Supported Topologies

Floodlight currently features two reactive packet forwarding applications, which have different behaviors and work with topologies as described below:

  • With Forwarding: Enabled by default right out of the box, Forwarding enables end-to-end packet forwarding between any two devices in the following network topologies:
    • Within an OpenFlow island*:  When any device A sends a packet towards device B in the same OpenFlow island, Forwarding computes a single shortest path between A and B.
    • OpenFlow islands with Non-OpenFlow islands between/among them:  Every OpenFlow island may have exactly one link connecting to a non-OpenFlow island.  In addition, the OpenFlow and non-OpenFlow islands together may not form loops (as shown in Figure 3).  Every device would have an attachment point on each OpenFlow island. Forwarding computes a single shortest path in each OpenFlow island and expects packets to be forwarded in the non-OpenFlow islands (i.e., assuming each non-OF island is a single L2 broadcast domain).

Fig. 1.  Example network topology that works with Floodlight.

Fig. 2. Example network topology that does not work with Floodlight as OpenFlow Island 1 has two links connecting to the non-OpenFlow Island.

Fig. 3. Example network topology that does not work with Floodlight as OpenFlow and non-OpenFlow islands form a loop, even though every OpenFlow island is connected to a non-OpenFlow island through only one link.
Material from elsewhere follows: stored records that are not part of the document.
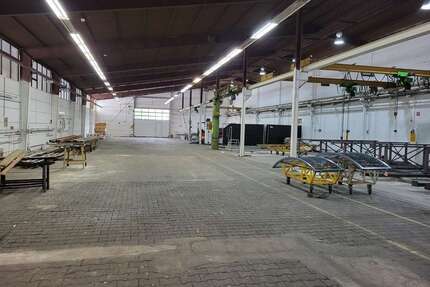 Halle in Regenstauf 5.700,00 € 950 m²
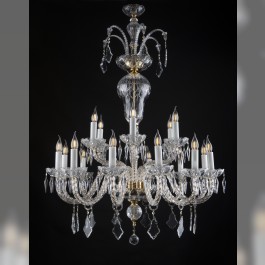 Luxurious tall chandelier with 18 arms with flat crystal pendeloques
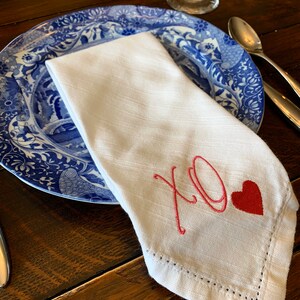 XO Valentine Dinner Napkin, Casual Valentine's Cloth Napkin image 3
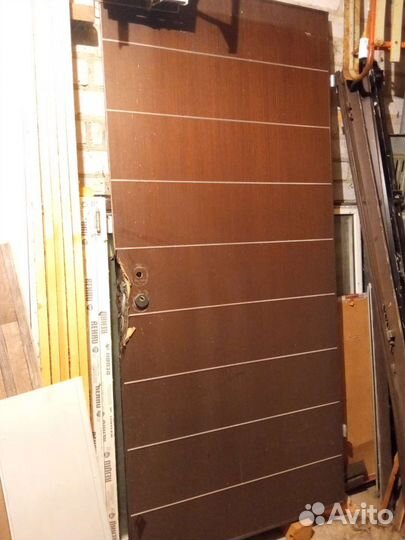 Дверь входная металлическая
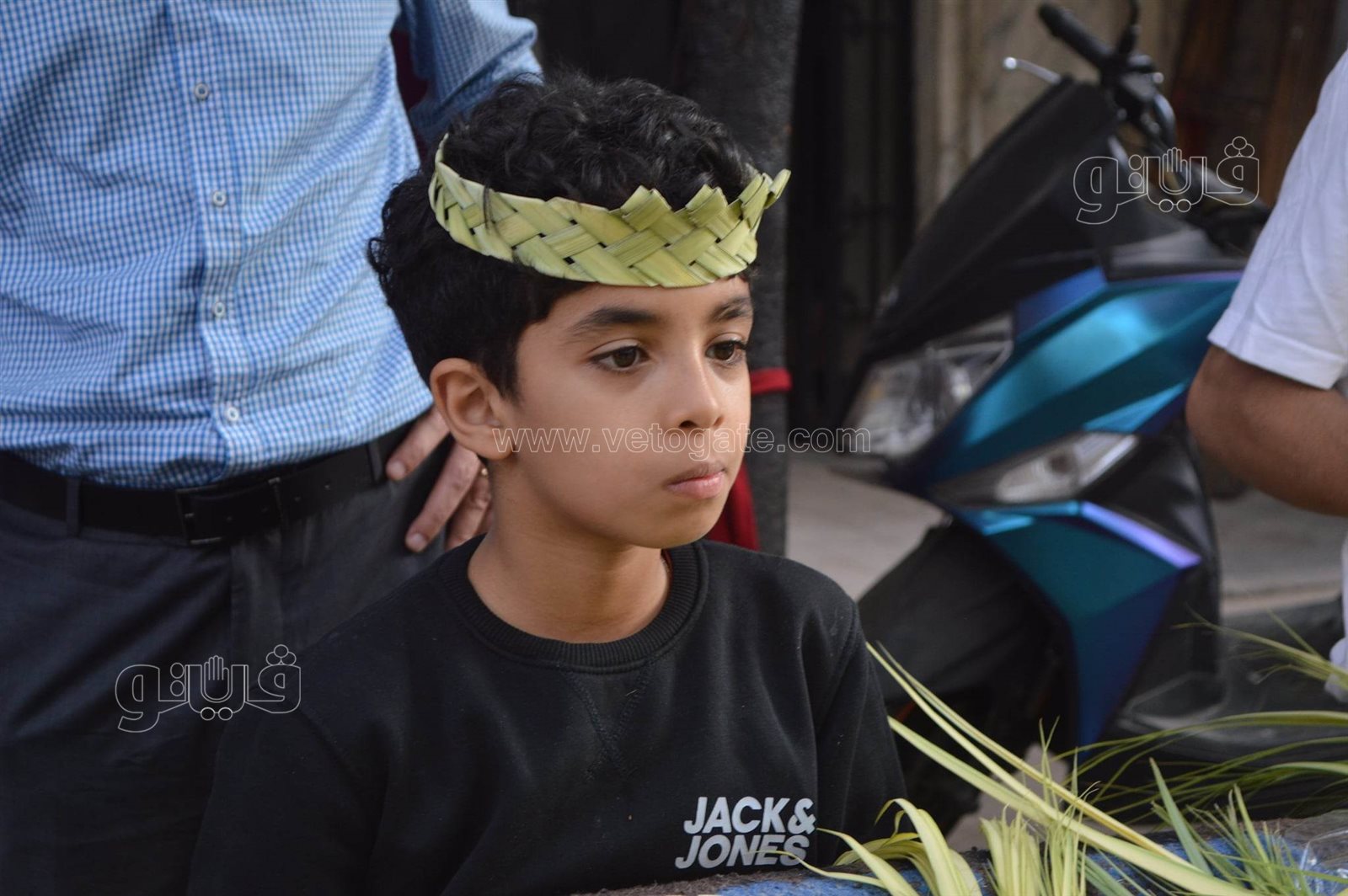  صناعة السعف أمام كنائس شبرا للاحتفال بأحد الشعانين (15)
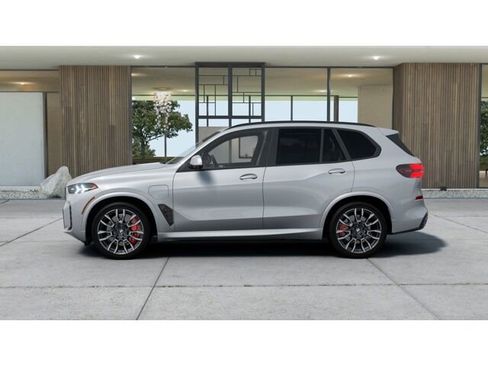 New 2026 BMW X5 xDrive50e w/ M Sport Package AWD/4WD image 4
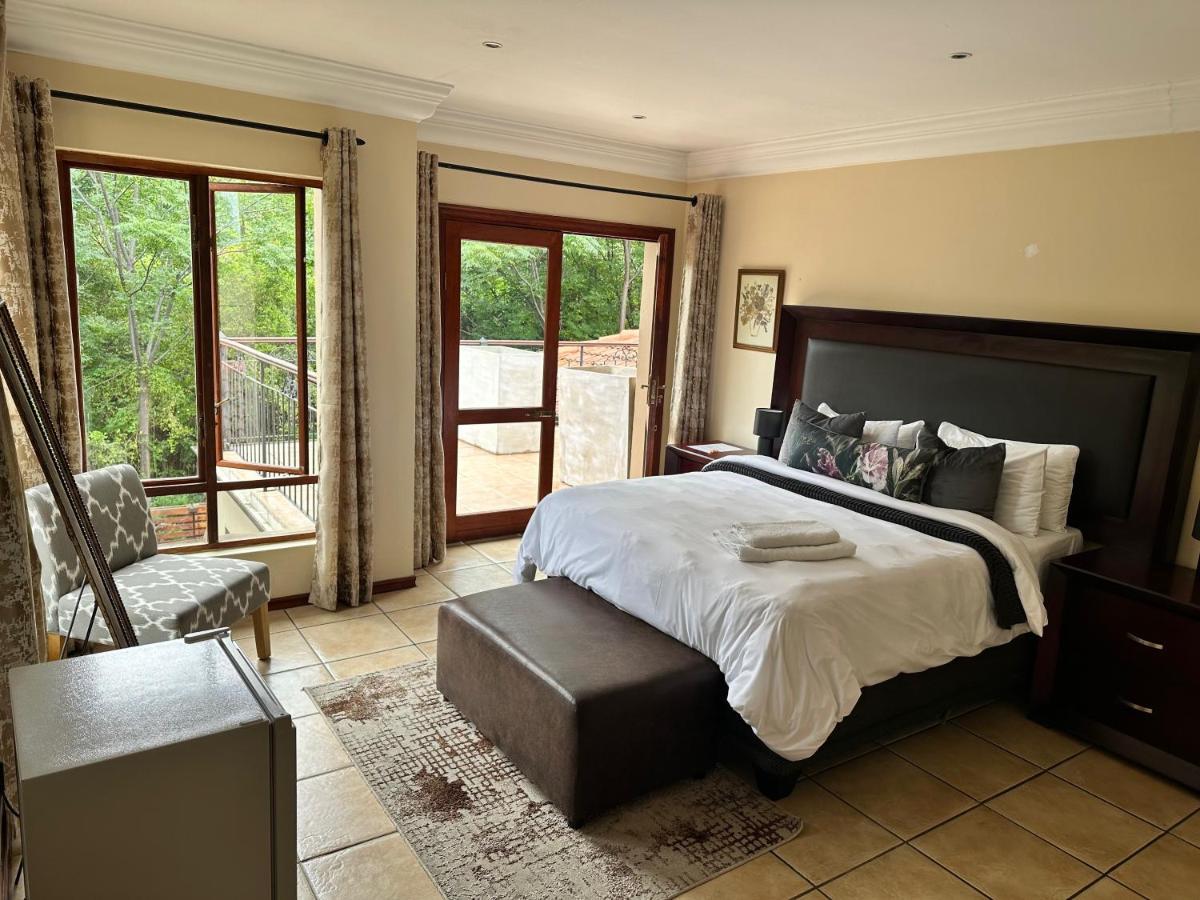 37 On Eagles Hotell Hartbeespoort Exteriör bild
    • Paths installed by forwarding times out whenever no traffic is sent over the path for more than the specified timeout interval (default 5 sec).
  • With Learning Switch: A simple L2 learning switch
    • for use in any number of OpenFlow islands, even with non-OpenFlow L2 islands in between
    • cannot work if switches in an island form loop topology, or islands form loop topology
    • much less efficient in forwarding performance than the other approaches
  • In addition, Floodlight also provides a Static Flow Entry Pusher application and a Circuit Pusher application that allow users to proactively install forwarding paths in the network
    • Static Flow Entry Pusher allows installing flow entries switch by switch, thereby creating forwarding paths based on explicit choice of switch-ports by the user
    • CircuitPusher builds upon Static Flow Entry Pusher, Device Manager, and Routing services based on their REST API to build single shortest path circuits within a single OpenFlow island. 

* The terms "islands" and "clusters" are used interchangeably. An OpenFlow island/cluster is a connected set of OpenFlow switches with devices connected to any of them. Analogously, a non-OpenFlow island/cluster is a connected set of non-OpenFlow switches with devices connected to any of them.